#### Task statement:
Give the data again exactly as written, skipping any pictures.

##########

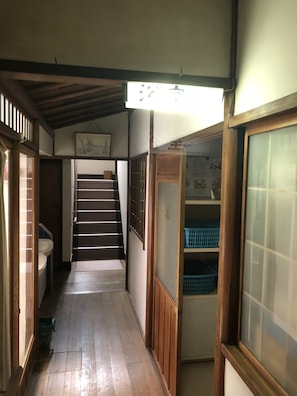 Interior - Higashiyama Hotel (Kyoto)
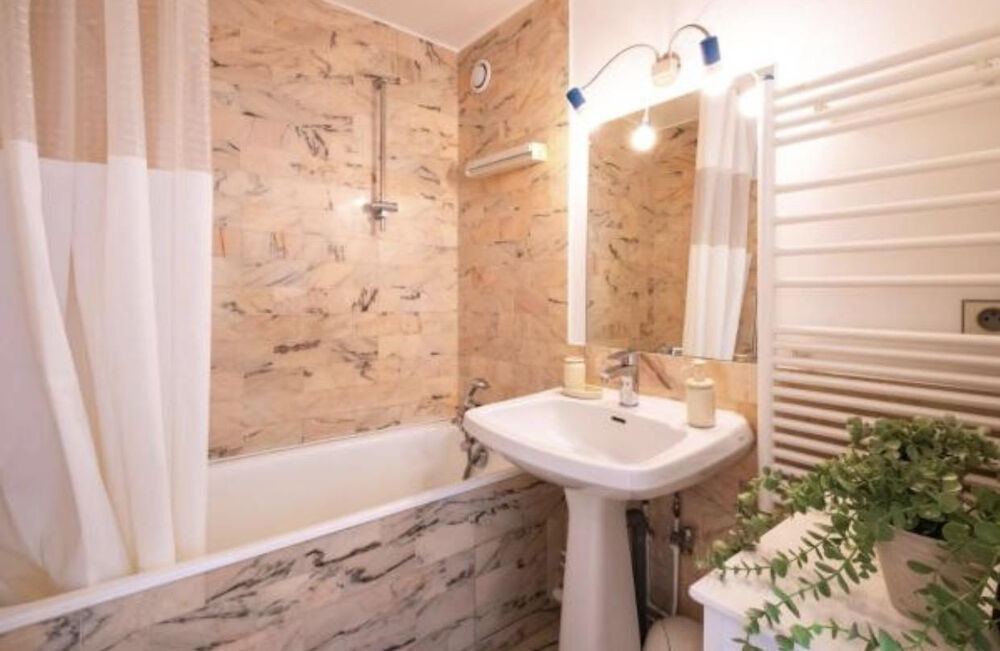 Location Appartement Superbe T2 meublé de 48 m² avec balcon – Paris 9e Paris 4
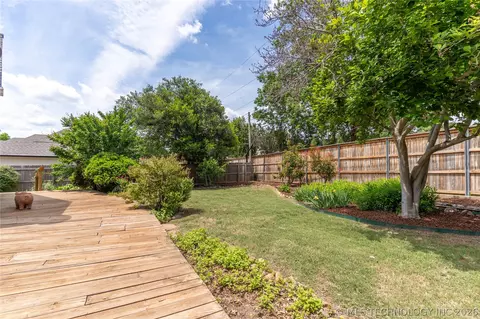 Exterior - 1945 E 35th Pl, Tulsa, OK 74105 photo 4 of 11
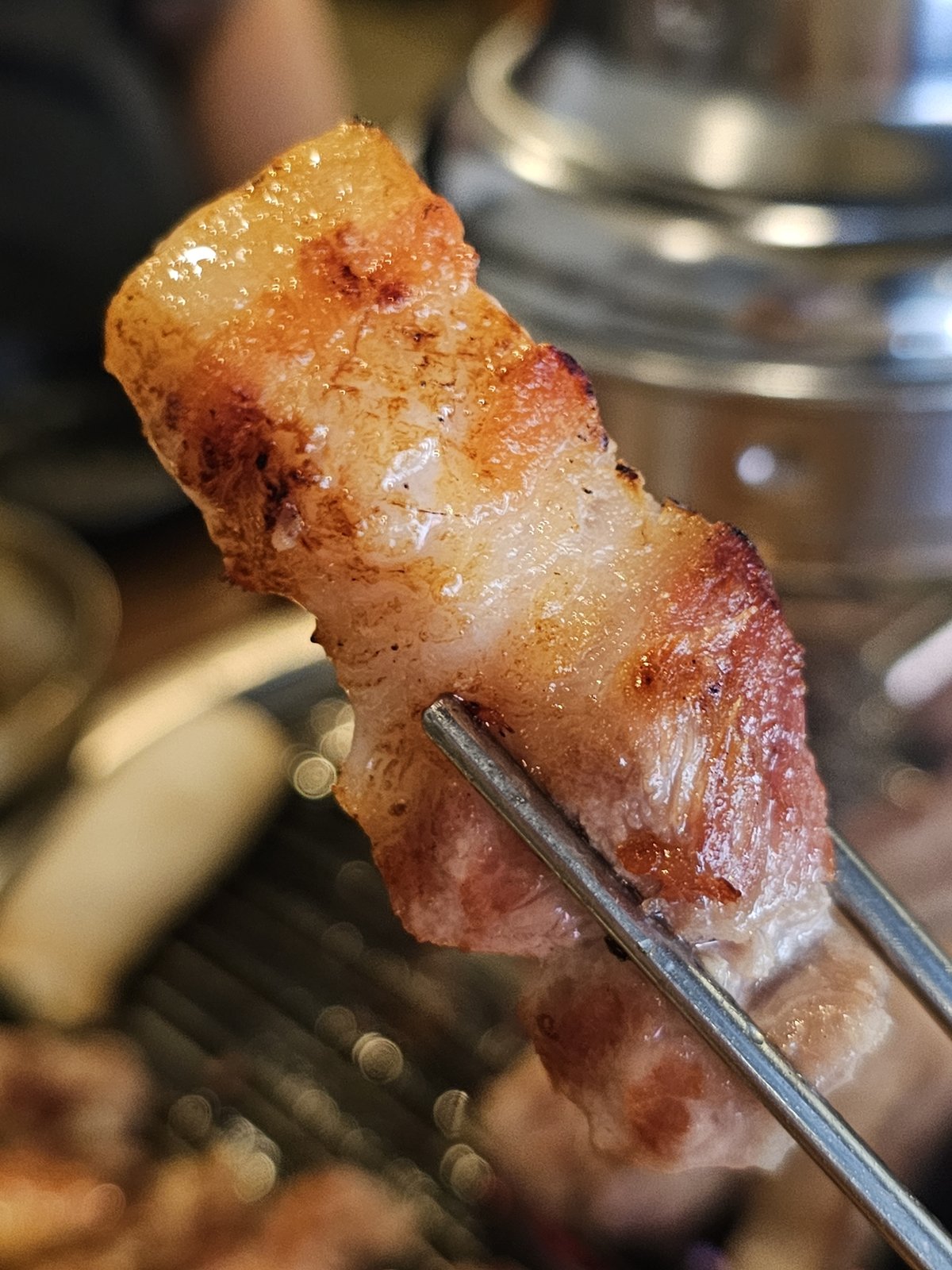 Grilled pork skin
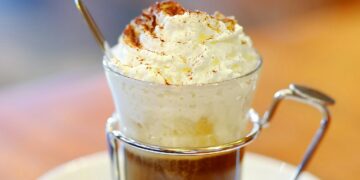 Oster Kaffee Cup of coffee or hot chocolate with whipped cream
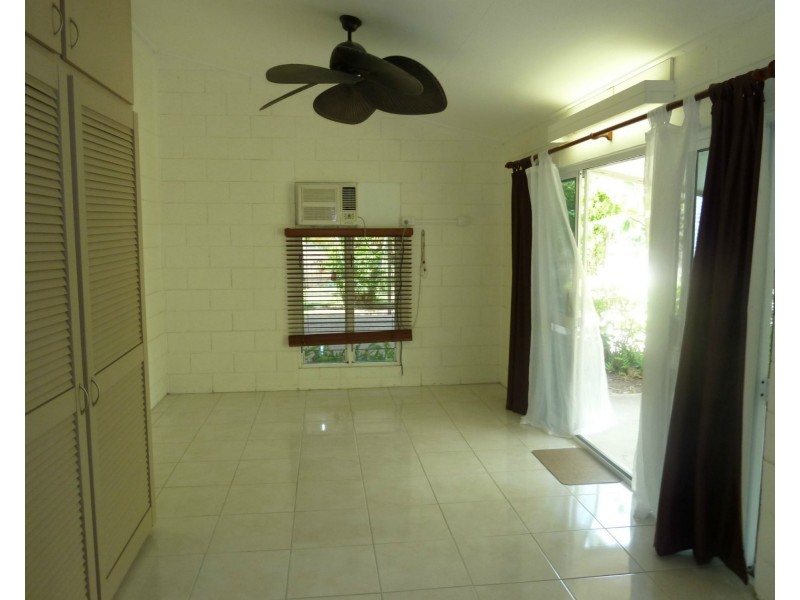 21 THE GROVE, Nelly Bay QLD 4819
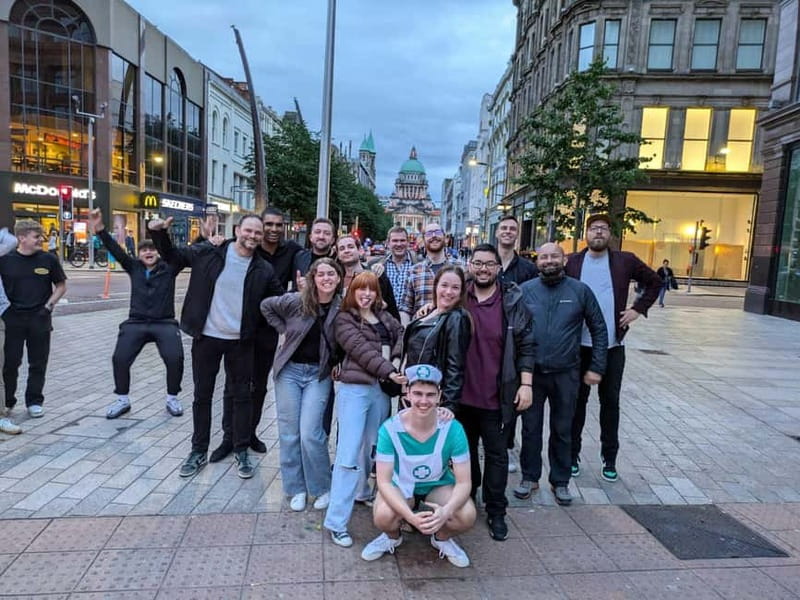 Belfast: Pub Crawl and Bar Walking Tour with Two Drinks - Starting at the Albert Memorial Clock in Belfast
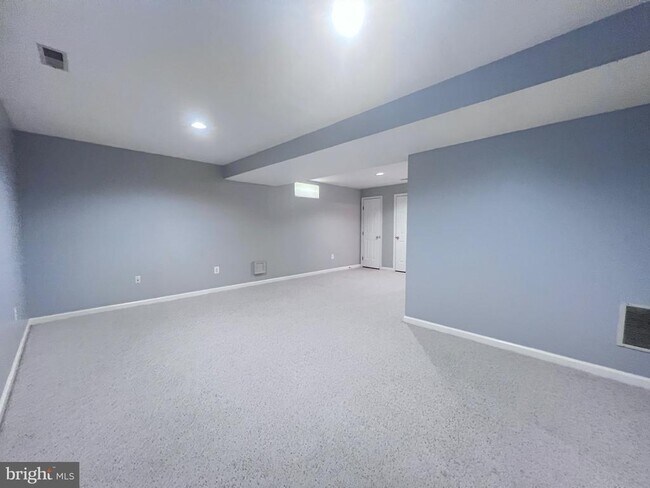 Building Photo - 17207 Sumac Ct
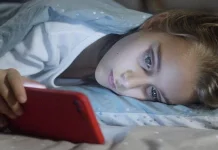 Doomscrolling: Kebiasaan Kecil yang Berdampak Besar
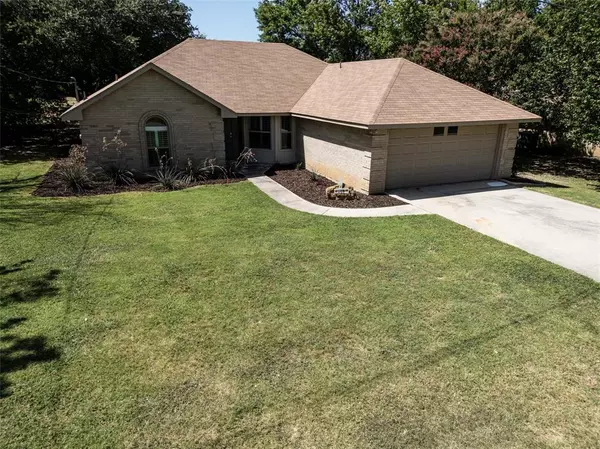 204 Lakeview Drive, Runaway Bay, TX 76426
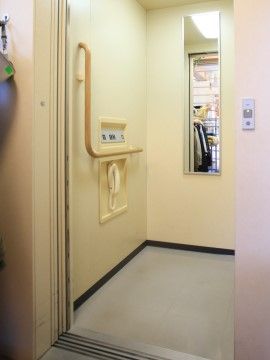 「グループホーム愛和 ハート＆ハートあだち」エレベーター。余裕のあるスペースをご用意しました。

##########

#### Response:
 Interior - Higashiyama Hotel (Kyoto)
 Location Appartement Superbe T2 meublé de 48 m² avec balcon – Paris 9e Paris 4
 Exterior - 1945 E 35th Pl, Tulsa, OK 74105 photo 4 of 11
 Grilled pork skin
 Oster Kaffee Cup of coffee or hot chocolate with whipped cream
 21 THE GROVE, Nelly Bay QLD 4819
 Belfast: Pub Crawl and Bar Walking Tour with Two Drinks - Starting at the Albert Memorial Clock in Belfast
 Building Photo - 17207 Sumac Ct
 Doomscrolling: Kebiasaan Kecil yang Berdampak Besar
 204 Lakeview Drive, Runaway Bay, TX 76426
 「グループホーム愛和 ハート＆ハートあだち」エレベーター。余裕のあるスペースをご用意しました。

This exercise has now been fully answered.